The majority of lighting went in hand with the development of the blockout. I knew from the start I did not want to be using baked lighting but instead fully dynamic. Quixels own Medieval tutorial provided the base for my ideas behind lighting (link at the bottom) and I took a lot of elements from that including Unreals' new sky atmosphere lighting and using Screen Space Global Illumination (SSGI) on top of using Distance Mesh Fields.
One issue found during development with Distance Mesh fields would be props being too big, for instance the Dumpster which is not fully accurately represented. Though this didn't prove to be much of an issue in the end it is definitely something I will be keeping an eye on here on out.
Lighting went as follows:
First starting with the atmosphere lighting with fill likes from all openings to mimic city light coming from behind.
Following that key lights are introduced as hot spots across the scene.

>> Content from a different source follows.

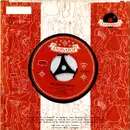 7inch Vinyl Single - Gus Backus - Sauerkraut-Polka / Alle Schotten Sparen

I like to in all of my environments have larger lighting set behind walls often projected against buildings; I feel its widens out the world and helps provide some depth and more specifically layering to the scene beyond what we see.

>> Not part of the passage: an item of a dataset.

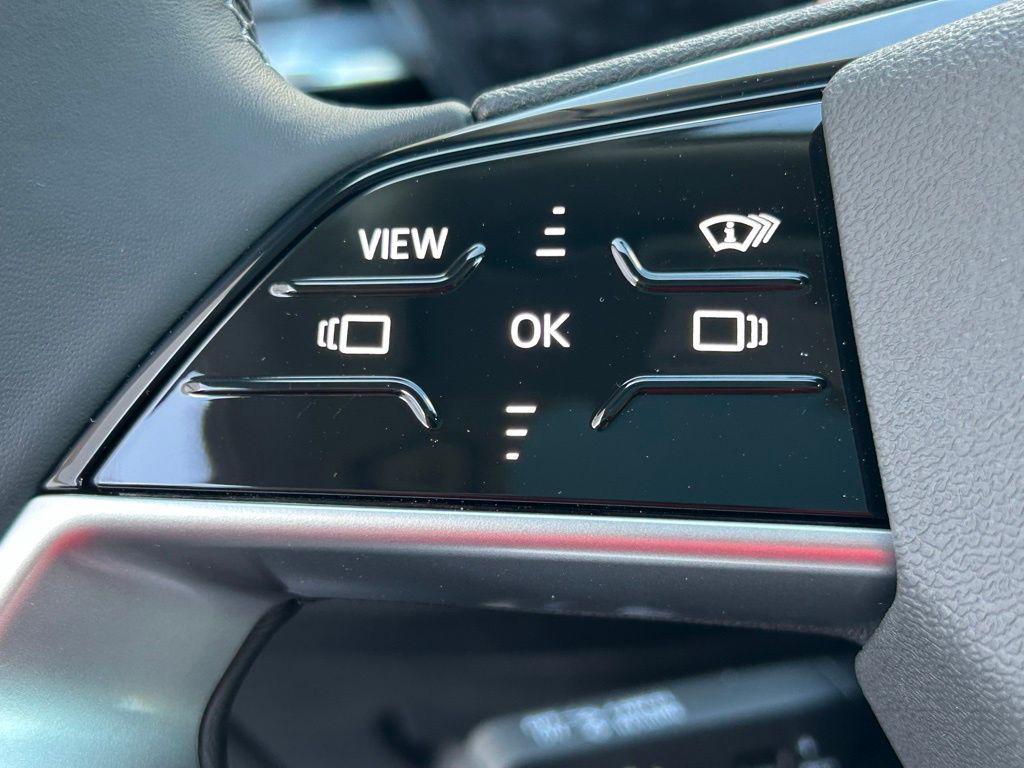 new 2026 Audi A6 car, priced at $64,812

Following that is lights emanating from windows, and then a large swath of fills lights across the scene with no shadows to help brighten up and fill in dark spaces.
In the end lighting was a fun experience for me and I believe did I good job between keeping the scene dramatically lit and ensuring enough light for the majority of the scene to be readable. There was one prominent issue in the original upload I fixed after the fact you can see discussed in my polycount thread.